機能性はもちろん、見た目の美しさにもとことんこだわった今回のプロジェクト。開発の経緯やプラシーズならではのこだわり、苦労したことについて話を聞きました。
ブロー成形により複数パーツを一体化したい
—-お客さまからどのような依頼がありましたか?
マスカラ容器の製造依頼です。デザインをリニューアルするにあたり、「胴部と肩部の2パーツからなる本体を、ブロー成形で一体化したい」といったご要望でした。
理由としては、パーツの接着部分の密閉性や強度が不安定であること。また、胴部と肩部に段差があって見た目がすっきりしないため、できるだけ無駄を削ぎ落として、洗練されたシームレスなデザインにしたい、といった狙いがありました。
—-ブロー成形で一体化するにあたり、苦労した点はありますか?
もっとも難しいのは、肩部に合わせ目(PL=パーティングライン)が出てしまう点です。
マスカラのように小型で細口、かつ試験管状の容器を、合わせ目を出ないようにブロー成形するのは難しく、しかも蒸着するので、成形によるムラや歪みがより目立ってしまうんです。
プリフォームの段階から金型仕様に独自の工夫
—-どのように課題を克服しましたか?
ブロー成形には、ダイレクトブローとストレッチブローの2種類あるのですが、今回はストレッチブローを採用しました。
ストレッチブローとは、プリフォーム(射出成型品)を延伸しながら膨らませる成形法で、寸法精度や落下強度の高さ、見た目もキレイなので高級感を演出することができます。
肩部に合わせ目が出ないように、プリフォームの段階から金型の仕様を工夫したり、成形条件を最適化するためにトライ&エラーを重ねたりと、満足のいく仕上がりに達するまで、かなりの労力を費やしました。
その甲斐あって、ブロー成形では難しいとされる、合わせ目のないすっきりとした外観に仕上げることができました。
実は、肩部の合わせ目を出したくないというのは、あくまで当社の技術スタッフのこだわりでして、お客さまからは期待以上の仕上がりに、高い評価をいただいています。
コスト削減、納期短縮、環境にもやさしい
—-ストレッチブロー成形により一体化するメリットは何ですか?
肩部と胴部の繋ぎ目がなくなるので、密閉性や強度が格段に向上します。また、各パーツを接着する2次加工が不要になるので、コスト削減や納期短縮化も期待できます。
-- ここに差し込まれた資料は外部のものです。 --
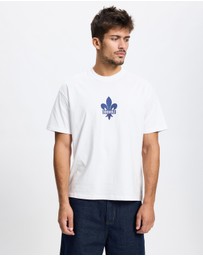 S Double - Fleur SS Tee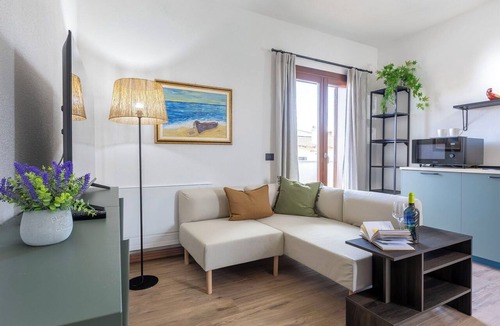 Sorso Apartment | Nice apartment for 4 people with A/C, WIFI, TV, balcony and pets allowed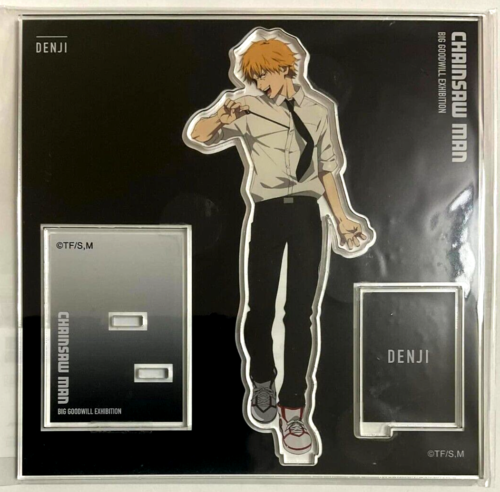 Chainsaw Man Big Goodwill Exhibi Acrylic Stand Denji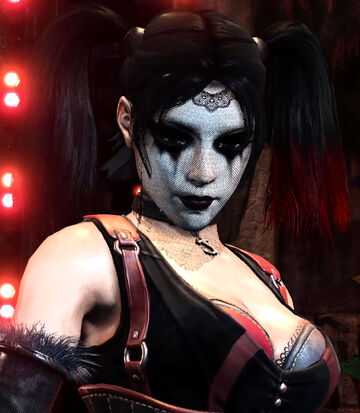 Harley Quinn, Arkham Wiki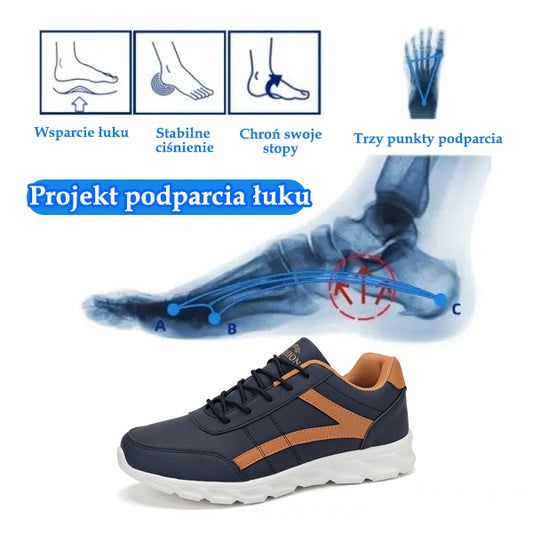 🔥 50% zniżki | buty ortopedyczne flemat® | Zapewniają wsparcie łuku stopy, łagodzą ból i ułatwiają chodzenie
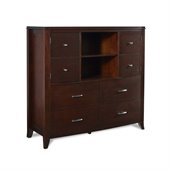 Modus Brighton Media Chest in Cinnamon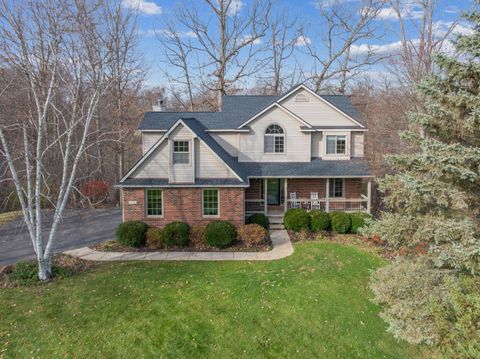 A home in Brighton Twp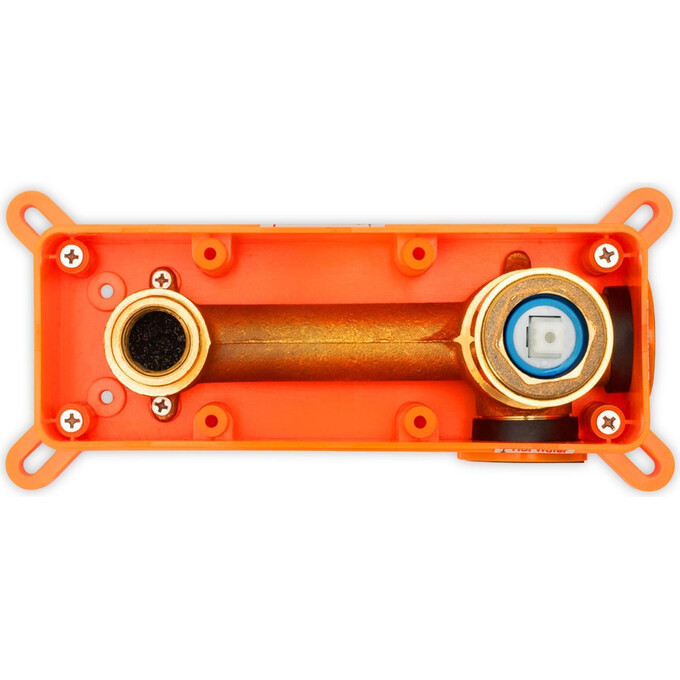 Змішувач прихованого монтажу для умивальника Rea Lungo REA-B8652 (матове золото, внутрішня частина в комплекті), Колір виробника: матове золото, фото , изображение 7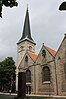 Exterior view of the Church of St. Michael in Brakel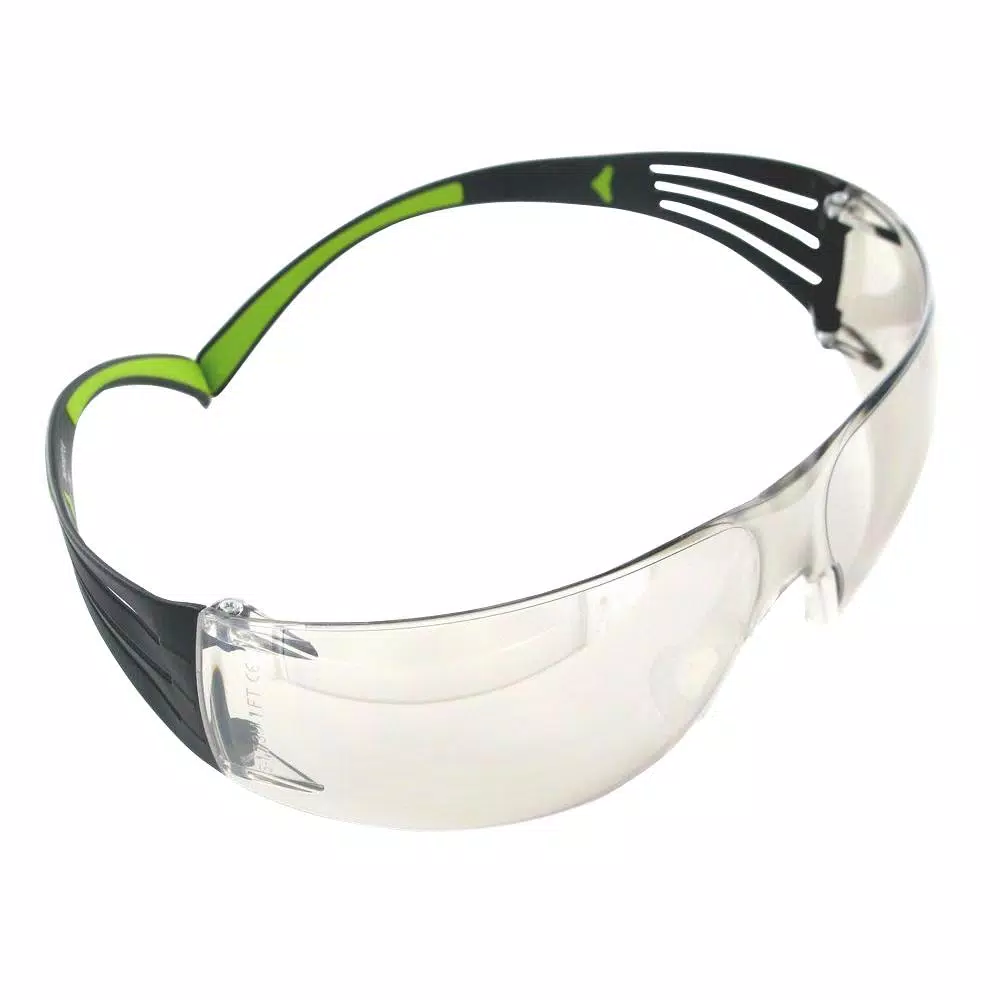 3M SecureFit 400 Mirror Lens Safety Glasses, Anti-Scratch & UV Protection (6-Pack)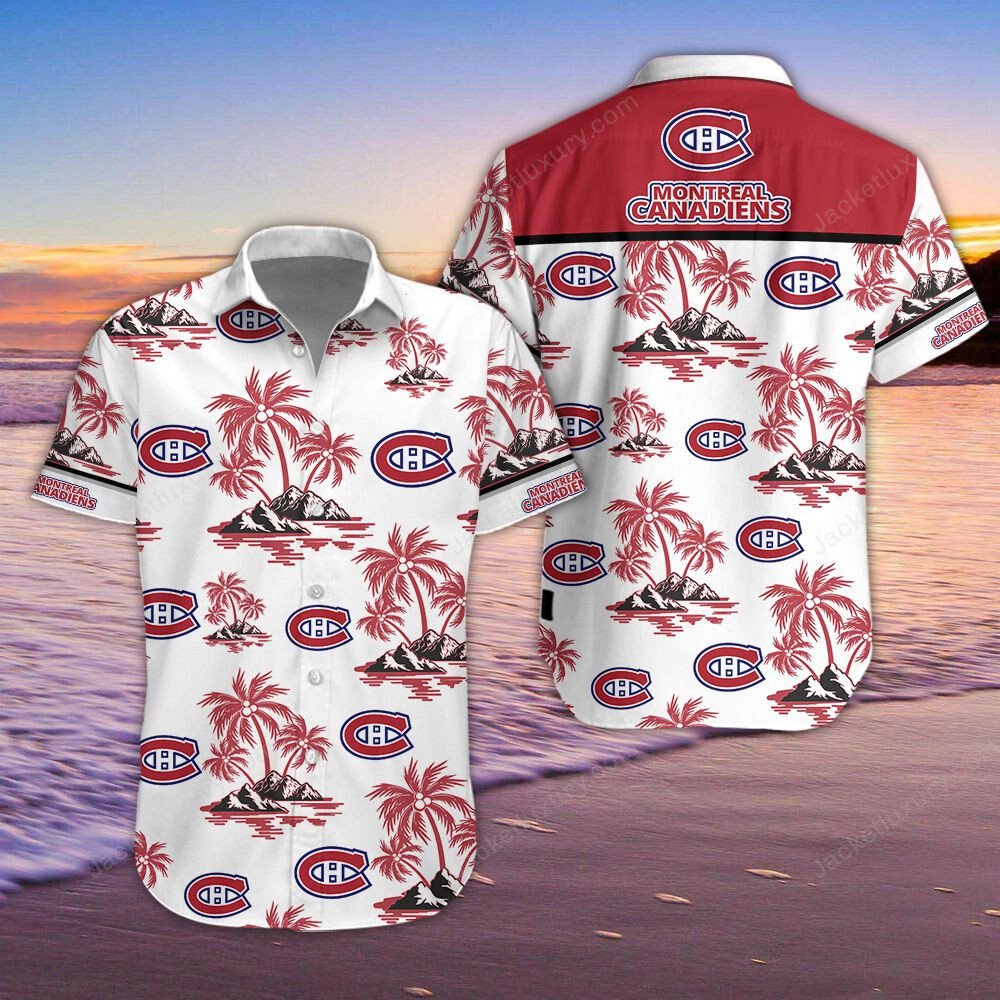 HOT Montreal Canadiens Hawaiian Shirt, Shorts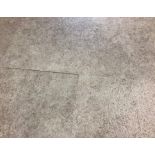 1 x Lot Of Premium Amtico Commercial Grade LVT Tile Flooring In A Square Tile Design - 20Sqm -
工程数や樹脂使用量が減ればCO2排出量が削減し、環境にやさしいものづくりにもつながりますよね。
—-今後の課題や展開についてお聞かせください。
今回のプロジェクトは、細口でありながら胴部を十分に膨出させた形状の容器となります。今までにない特徴的な形状は、マスカラやアイライナーに限らず、細口容器の分野で幅広い使用展開が期待されます。
今後もさらに精度を高め、仕上がりの“美しさ”にとことんこだわっていきます。